YOUR TASK
Set down the data that follows again, exactly as written.

====== DATA SHOWN ======

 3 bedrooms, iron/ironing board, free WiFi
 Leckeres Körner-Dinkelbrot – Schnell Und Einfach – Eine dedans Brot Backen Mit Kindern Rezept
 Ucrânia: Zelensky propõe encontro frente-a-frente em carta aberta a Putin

======

SOLUTION
 3 bedrooms, iron/ironing board, free WiFi
 Leckeres Körner-Dinkelbrot – Schnell Und Einfach – Eine dedans Brot Backen Mit Kindern Rezept
 Ucrânia: Zelensky propõe encontro frente-a-frente em carta aberta a Putin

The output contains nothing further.